The data —
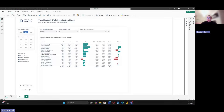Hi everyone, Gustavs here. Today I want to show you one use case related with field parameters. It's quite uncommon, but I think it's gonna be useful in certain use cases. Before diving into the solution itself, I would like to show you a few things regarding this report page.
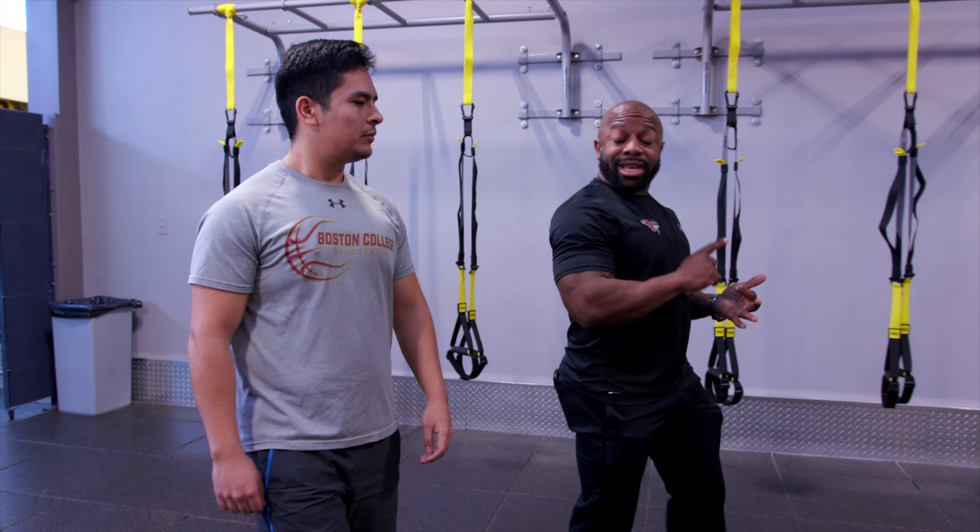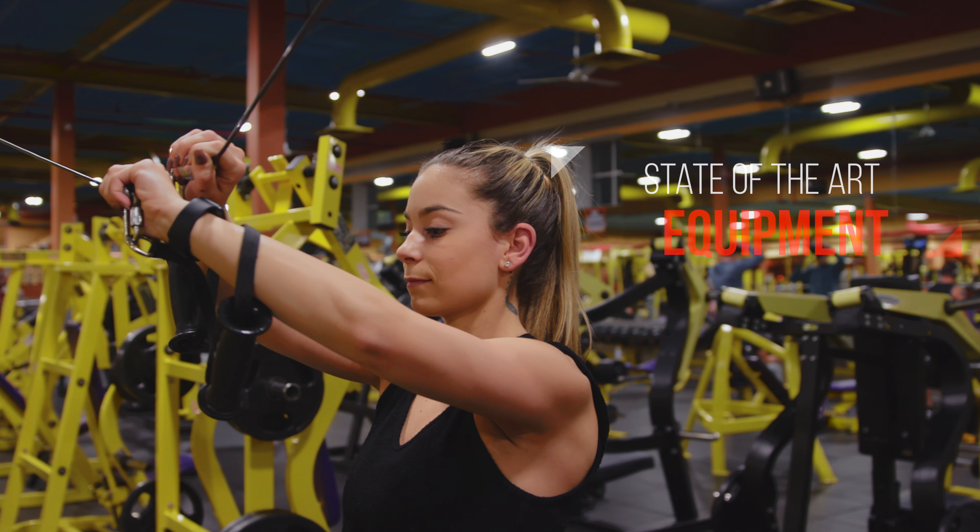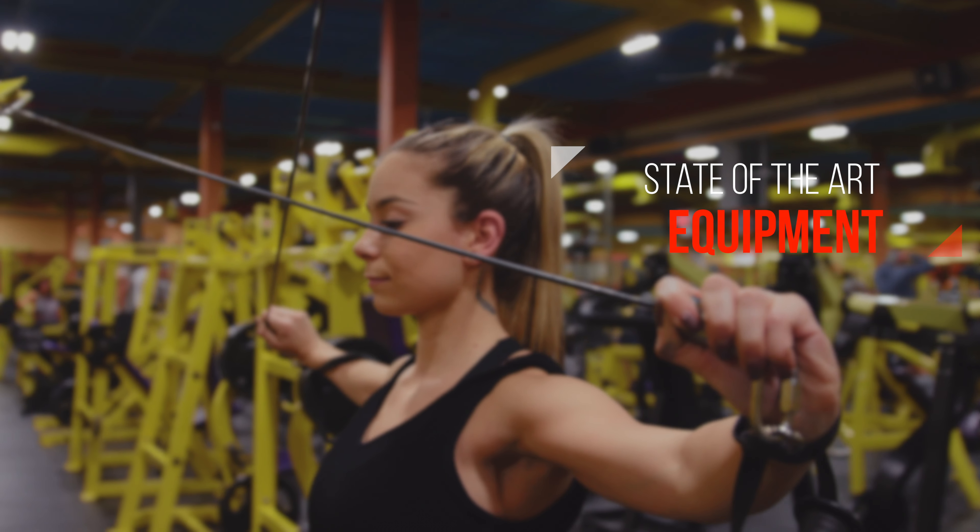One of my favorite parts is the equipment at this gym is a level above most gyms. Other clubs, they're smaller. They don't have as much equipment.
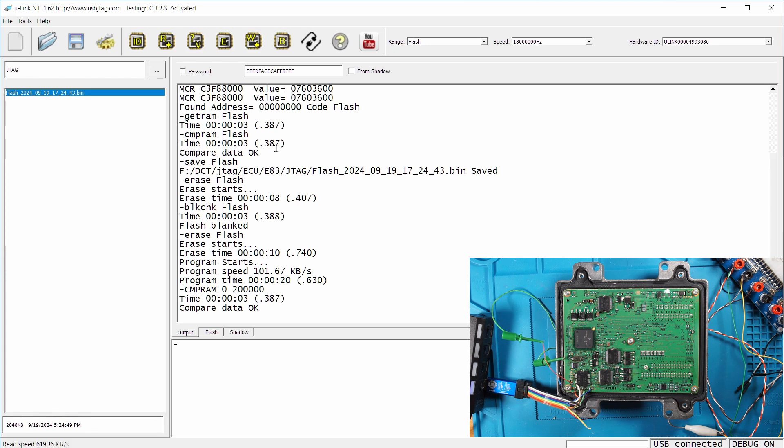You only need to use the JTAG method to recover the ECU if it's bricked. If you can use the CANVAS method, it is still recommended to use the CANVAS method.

Work to be completed — What this calls for is the material above set down exactly, pictures excluded.

Answer section —
Hi everyone, Gustavs here. Today I want to show you one use case related with field parameters. It's quite uncommon, but I think it's gonna be useful in certain use cases. Before diving into the solution itself, I would like to show you a few things regarding this report page.
One of my favorite parts is the equipment at this gym is a level above most gyms. Other clubs, they're smaller. They don't have as much equipment.
You only need to use the JTAG method to recover the ECU if it's bricked. If you can use the CANVAS method, it is still recommended to use the CANVAS method.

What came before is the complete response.